:: Dataset ::

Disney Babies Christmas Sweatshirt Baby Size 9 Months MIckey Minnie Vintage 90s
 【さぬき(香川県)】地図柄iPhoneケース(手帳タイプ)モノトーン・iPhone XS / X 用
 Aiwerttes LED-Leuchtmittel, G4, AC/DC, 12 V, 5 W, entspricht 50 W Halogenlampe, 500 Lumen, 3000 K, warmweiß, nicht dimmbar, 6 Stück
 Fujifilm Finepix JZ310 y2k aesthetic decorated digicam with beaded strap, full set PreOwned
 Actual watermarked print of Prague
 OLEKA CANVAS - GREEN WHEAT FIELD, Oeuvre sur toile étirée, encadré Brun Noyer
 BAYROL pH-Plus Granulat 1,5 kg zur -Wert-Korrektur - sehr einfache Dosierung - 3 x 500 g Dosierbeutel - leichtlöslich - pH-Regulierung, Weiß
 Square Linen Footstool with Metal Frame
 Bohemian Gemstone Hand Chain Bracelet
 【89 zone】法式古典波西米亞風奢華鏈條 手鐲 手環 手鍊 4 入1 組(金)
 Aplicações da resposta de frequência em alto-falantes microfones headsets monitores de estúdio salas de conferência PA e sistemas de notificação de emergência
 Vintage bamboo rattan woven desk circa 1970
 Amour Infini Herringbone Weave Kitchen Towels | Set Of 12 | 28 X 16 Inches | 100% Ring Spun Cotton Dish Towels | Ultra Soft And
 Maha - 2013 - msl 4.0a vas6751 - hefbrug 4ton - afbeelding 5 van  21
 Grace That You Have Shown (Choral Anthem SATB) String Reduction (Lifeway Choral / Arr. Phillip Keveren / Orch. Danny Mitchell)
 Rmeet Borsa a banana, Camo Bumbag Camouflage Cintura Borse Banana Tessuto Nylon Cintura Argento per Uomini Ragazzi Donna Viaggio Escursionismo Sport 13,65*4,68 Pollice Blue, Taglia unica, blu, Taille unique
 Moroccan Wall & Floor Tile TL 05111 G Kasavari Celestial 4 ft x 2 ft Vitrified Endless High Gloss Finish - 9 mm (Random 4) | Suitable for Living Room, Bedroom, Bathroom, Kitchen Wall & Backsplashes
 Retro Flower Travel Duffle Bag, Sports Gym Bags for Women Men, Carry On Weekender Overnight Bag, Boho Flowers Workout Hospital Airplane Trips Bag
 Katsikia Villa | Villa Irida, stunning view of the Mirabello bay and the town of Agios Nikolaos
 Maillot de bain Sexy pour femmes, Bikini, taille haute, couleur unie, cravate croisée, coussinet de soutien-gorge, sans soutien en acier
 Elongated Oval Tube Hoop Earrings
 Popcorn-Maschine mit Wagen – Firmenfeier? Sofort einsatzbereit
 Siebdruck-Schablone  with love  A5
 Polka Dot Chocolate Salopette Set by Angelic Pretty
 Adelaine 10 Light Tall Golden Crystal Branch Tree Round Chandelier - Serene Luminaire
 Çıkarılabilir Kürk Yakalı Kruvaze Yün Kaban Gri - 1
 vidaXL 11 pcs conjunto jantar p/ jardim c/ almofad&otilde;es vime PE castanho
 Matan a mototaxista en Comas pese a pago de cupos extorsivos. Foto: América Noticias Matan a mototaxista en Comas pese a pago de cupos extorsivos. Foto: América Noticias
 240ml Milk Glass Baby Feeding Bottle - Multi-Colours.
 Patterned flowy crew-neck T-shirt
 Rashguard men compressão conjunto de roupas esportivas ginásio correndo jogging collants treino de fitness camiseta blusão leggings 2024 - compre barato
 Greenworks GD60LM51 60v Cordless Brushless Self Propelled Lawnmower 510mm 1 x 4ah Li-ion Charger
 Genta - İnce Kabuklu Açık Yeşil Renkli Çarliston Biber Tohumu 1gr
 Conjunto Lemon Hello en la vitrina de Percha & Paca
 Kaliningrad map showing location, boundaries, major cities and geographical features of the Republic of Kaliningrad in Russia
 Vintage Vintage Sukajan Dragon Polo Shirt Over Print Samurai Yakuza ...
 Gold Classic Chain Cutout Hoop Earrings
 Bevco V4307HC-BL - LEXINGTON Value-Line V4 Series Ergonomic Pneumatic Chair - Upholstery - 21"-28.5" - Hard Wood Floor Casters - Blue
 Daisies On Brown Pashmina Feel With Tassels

:::

* About this exercise *
Extract all the material, leaving every line as it is.

* Answer space *
Disney Babies Christmas Sweatshirt Baby Size 9 Months MIckey Minnie Vintage 90s
 【さぬき(香川県)】地図柄iPhoneケース(手帳タイプ)モノトーン・iPhone XS / X 用
 Aiwerttes LED-Leuchtmittel, G4, AC/DC, 12 V, 5 W, entspricht 50 W Halogenlampe, 500 Lumen, 3000 K, warmweiß, nicht dimmbar, 6 Stück
 Fujifilm Finepix JZ310 y2k aesthetic decorated digicam with beaded strap, full set PreOwned
 Actual watermarked print of Prague
 OLEKA CANVAS - GREEN WHEAT FIELD, Oeuvre sur toile étirée, encadré Brun Noyer
 BAYROL pH-Plus Granulat 1,5 kg zur -Wert-Korrektur - sehr einfache Dosierung - 3 x 500 g Dosierbeutel - leichtlöslich - pH-Regulierung, Weiß
 Square Linen Footstool with Metal Frame
 Bohemian Gemstone Hand Chain Bracelet
 【89 zone】法式古典波西米亞風奢華鏈條 手鐲 手環 手鍊 4 入1 組(金)
 Aplicações da resposta de frequência em alto-falantes microfones headsets monitores de estúdio salas de conferência PA e sistemas de notificação de emergência
 Vintage bamboo rattan woven desk circa 1970
 Amour Infini Herringbone Weave Kitchen Towels | Set Of 12 | 28 X 16 Inches | 100% Ring Spun Cotton Dish Towels | Ultra Soft And
 Maha - 2013 - msl 4.0a vas6751 - hefbrug 4ton - afbeelding 5 van  21
 Grace That You Have Shown (Choral Anthem SATB) String Reduction (Lifeway Choral / Arr. Phillip Keveren / Orch. Danny Mitchell)
 Rmeet Borsa a banana, Camo Bumbag Camouflage Cintura Borse Banana Tessuto Nylon Cintura Argento per Uomini Ragazzi Donna Viaggio Escursionismo Sport 13,65*4,68 Pollice Blue, Taglia unica, blu, Taille unique
 Moroccan Wall & Floor Tile TL 05111 G Kasavari Celestial 4 ft x 2 ft Vitrified Endless High Gloss Finish - 9 mm (Random 4) | Suitable for Living Room, Bedroom, Bathroom, Kitchen Wall & Backsplashes
 Retro Flower Travel Duffle Bag, Sports Gym Bags for Women Men, Carry On Weekender Overnight Bag, Boho Flowers Workout Hospital Airplane Trips Bag
 Katsikia Villa | Villa Irida, stunning view of the Mirabello bay and the town of Agios Nikolaos
 Maillot de bain Sexy pour femmes, Bikini, taille haute, couleur unie, cravate croisée, coussinet de soutien-gorge, sans soutien en acier
 Elongated Oval Tube Hoop Earrings
 Popcorn-Maschine mit Wagen – Firmenfeier? Sofort einsatzbereit
 Siebdruck-Schablone  with love  A5
 Polka Dot Chocolate Salopette Set by Angelic Pretty
 Adelaine 10 Light Tall Golden Crystal Branch Tree Round Chandelier - Serene Luminaire
 Çıkarılabilir Kürk Yakalı Kruvaze Yün Kaban Gri - 1
 vidaXL 11 pcs conjunto jantar p/ jardim c/ almofad&otilde;es vime PE castanho
 Matan a mototaxista en Comas pese a pago de cupos extorsivos. Foto: América Noticias Matan a mototaxista en Comas pese a pago de cupos extorsivos. Foto: América Noticias
 240ml Milk Glass Baby Feeding Bottle - Multi-Colours.
 Patterned flowy crew-neck T-shirt
 Rashguard men compressão conjunto de roupas esportivas ginásio correndo jogging collants treino de fitness camiseta blusão leggings 2024 - compre barato
 Greenworks GD60LM51 60v Cordless Brushless Self Propelled Lawnmower 510mm 1 x 4ah Li-ion Charger
 Genta - İnce Kabuklu Açık Yeşil Renkli Çarliston Biber Tohumu 1gr
 Conjunto Lemon Hello en la vitrina de Percha & Paca
 Kaliningrad map showing location, boundaries, major cities and geographical features of the Republic of Kaliningrad in Russia
 Vintage Vintage Sukajan Dragon Polo Shirt Over Print Samurai Yakuza ...
 Gold Classic Chain Cutout Hoop Earrings
 Bevco V4307HC-BL - LEXINGTON Value-Line V4 Series Ergonomic Pneumatic Chair - Upholstery - 21"-28.5" - Hard Wood Floor Casters - Blue
 Daisies On Brown Pashmina Feel With Tassels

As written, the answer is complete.